Using the records that follow, copy every line containing the word "Setting".

[Stored data]
────
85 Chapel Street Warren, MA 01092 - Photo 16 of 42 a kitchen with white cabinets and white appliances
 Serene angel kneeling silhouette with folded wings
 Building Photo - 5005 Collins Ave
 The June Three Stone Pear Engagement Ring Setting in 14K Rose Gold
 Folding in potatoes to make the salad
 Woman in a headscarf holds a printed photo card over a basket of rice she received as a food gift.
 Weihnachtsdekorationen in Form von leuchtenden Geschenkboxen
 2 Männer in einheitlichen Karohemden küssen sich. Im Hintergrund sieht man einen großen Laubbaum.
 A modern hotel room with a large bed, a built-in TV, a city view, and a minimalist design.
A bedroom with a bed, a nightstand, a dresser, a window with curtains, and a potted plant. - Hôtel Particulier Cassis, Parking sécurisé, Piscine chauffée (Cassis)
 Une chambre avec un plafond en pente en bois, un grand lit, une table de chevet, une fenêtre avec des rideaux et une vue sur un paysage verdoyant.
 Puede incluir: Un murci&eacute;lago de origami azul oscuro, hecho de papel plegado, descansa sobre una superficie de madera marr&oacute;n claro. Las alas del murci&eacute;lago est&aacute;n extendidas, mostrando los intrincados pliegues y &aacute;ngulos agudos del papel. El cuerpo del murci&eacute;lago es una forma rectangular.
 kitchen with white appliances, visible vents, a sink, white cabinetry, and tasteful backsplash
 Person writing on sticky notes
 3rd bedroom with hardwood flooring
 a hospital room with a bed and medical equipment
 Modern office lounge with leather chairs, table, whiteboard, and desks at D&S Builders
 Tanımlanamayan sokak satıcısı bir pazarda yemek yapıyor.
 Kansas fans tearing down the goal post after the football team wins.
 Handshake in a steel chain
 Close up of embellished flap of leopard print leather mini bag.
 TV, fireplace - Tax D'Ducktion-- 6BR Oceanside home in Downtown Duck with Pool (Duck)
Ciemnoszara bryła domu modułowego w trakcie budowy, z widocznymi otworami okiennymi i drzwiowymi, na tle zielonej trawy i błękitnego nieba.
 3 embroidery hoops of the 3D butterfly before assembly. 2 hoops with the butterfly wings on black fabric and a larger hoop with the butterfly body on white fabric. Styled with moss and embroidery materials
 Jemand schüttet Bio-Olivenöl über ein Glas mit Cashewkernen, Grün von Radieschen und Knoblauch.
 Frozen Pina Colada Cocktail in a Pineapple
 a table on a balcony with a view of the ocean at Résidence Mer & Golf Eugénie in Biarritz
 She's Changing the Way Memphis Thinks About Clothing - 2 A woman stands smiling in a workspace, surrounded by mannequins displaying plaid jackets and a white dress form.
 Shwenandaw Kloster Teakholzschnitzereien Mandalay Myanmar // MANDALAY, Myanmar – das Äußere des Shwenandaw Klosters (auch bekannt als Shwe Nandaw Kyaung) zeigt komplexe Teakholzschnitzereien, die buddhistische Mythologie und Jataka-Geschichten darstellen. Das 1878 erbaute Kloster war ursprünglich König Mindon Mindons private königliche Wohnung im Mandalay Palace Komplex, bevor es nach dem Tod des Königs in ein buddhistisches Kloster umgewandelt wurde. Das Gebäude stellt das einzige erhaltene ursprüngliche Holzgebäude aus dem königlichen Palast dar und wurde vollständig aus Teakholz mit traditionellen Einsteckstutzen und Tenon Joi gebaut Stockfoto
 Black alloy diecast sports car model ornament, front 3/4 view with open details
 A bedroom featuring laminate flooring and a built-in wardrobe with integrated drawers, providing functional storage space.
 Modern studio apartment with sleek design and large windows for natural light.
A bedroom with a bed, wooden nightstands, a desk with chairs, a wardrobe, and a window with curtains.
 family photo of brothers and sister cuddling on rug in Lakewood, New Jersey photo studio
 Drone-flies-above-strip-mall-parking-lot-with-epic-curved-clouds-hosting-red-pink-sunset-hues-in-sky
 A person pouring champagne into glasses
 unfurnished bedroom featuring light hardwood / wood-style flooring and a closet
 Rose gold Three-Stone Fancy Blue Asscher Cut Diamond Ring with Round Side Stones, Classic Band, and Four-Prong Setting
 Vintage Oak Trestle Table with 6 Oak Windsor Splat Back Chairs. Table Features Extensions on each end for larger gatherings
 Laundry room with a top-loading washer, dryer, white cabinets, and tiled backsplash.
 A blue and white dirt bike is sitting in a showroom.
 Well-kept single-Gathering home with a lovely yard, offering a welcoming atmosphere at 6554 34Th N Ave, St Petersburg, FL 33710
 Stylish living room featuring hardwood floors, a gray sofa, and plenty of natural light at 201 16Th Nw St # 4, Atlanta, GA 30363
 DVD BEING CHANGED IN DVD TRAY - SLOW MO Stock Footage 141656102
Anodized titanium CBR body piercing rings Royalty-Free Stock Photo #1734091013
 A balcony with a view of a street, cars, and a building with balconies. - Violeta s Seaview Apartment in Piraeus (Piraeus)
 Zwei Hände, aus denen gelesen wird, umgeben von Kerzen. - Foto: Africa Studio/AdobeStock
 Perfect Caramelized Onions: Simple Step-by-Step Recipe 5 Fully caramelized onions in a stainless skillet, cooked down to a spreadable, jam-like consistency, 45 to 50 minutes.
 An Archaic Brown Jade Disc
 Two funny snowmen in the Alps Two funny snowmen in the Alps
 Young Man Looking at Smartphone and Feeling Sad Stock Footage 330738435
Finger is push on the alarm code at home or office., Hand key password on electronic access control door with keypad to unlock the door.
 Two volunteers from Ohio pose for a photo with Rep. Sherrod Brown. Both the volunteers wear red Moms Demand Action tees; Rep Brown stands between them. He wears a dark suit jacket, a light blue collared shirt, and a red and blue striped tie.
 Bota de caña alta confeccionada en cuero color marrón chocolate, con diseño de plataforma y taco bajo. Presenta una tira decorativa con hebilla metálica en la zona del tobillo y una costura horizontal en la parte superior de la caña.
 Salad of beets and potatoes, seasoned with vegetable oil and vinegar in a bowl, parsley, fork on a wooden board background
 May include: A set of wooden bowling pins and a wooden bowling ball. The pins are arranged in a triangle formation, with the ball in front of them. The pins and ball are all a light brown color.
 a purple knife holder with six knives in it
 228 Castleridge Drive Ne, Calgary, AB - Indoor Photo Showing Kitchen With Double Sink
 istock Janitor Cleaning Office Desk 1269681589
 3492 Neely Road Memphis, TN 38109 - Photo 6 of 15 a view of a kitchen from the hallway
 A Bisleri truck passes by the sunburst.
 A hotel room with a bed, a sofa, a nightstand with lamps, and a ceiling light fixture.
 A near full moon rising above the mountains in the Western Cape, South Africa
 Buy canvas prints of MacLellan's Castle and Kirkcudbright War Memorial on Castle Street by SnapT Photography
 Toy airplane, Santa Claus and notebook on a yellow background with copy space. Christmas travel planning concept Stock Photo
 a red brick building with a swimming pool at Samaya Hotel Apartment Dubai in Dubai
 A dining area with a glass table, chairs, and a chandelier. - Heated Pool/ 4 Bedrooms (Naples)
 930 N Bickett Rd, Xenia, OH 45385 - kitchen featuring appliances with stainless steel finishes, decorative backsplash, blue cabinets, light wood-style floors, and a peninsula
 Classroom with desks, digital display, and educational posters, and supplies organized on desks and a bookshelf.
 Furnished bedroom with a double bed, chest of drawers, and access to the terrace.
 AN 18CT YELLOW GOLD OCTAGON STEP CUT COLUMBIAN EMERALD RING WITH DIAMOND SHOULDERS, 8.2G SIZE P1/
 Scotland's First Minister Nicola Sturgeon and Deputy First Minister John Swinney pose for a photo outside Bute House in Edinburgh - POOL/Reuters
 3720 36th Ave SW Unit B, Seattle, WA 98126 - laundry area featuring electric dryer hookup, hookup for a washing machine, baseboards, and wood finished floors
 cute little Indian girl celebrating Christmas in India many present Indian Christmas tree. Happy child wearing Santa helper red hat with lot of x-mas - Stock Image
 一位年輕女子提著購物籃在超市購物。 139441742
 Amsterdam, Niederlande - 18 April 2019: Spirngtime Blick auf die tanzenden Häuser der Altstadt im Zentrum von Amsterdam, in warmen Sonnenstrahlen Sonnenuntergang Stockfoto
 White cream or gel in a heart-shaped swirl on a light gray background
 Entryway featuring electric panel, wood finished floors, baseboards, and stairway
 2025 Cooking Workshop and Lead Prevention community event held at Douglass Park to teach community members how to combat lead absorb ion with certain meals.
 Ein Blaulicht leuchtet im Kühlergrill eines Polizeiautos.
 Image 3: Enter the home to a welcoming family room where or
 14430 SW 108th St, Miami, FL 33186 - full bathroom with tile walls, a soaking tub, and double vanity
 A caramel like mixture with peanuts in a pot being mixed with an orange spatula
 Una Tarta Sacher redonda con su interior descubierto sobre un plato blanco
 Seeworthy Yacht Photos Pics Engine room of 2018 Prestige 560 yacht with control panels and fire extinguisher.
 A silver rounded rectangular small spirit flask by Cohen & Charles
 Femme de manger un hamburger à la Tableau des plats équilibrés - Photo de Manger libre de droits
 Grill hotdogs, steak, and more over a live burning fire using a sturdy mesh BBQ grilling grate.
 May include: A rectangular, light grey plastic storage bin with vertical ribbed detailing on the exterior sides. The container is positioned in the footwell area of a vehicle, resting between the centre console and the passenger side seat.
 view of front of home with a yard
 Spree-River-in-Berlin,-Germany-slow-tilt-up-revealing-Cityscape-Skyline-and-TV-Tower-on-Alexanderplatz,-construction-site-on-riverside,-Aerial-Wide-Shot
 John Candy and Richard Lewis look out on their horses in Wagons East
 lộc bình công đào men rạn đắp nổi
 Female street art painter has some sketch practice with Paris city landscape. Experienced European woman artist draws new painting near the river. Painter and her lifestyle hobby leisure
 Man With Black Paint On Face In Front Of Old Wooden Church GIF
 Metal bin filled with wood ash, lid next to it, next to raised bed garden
────
Answer to this exercise
 The June Three Stone Pear Engagement Ring Setting in 14K Rose Gold
 Rose gold Three-Stone Fancy Blue Asscher Cut Diamond Ring with Round Side Stones, Classic Band, and Four-Prong Setting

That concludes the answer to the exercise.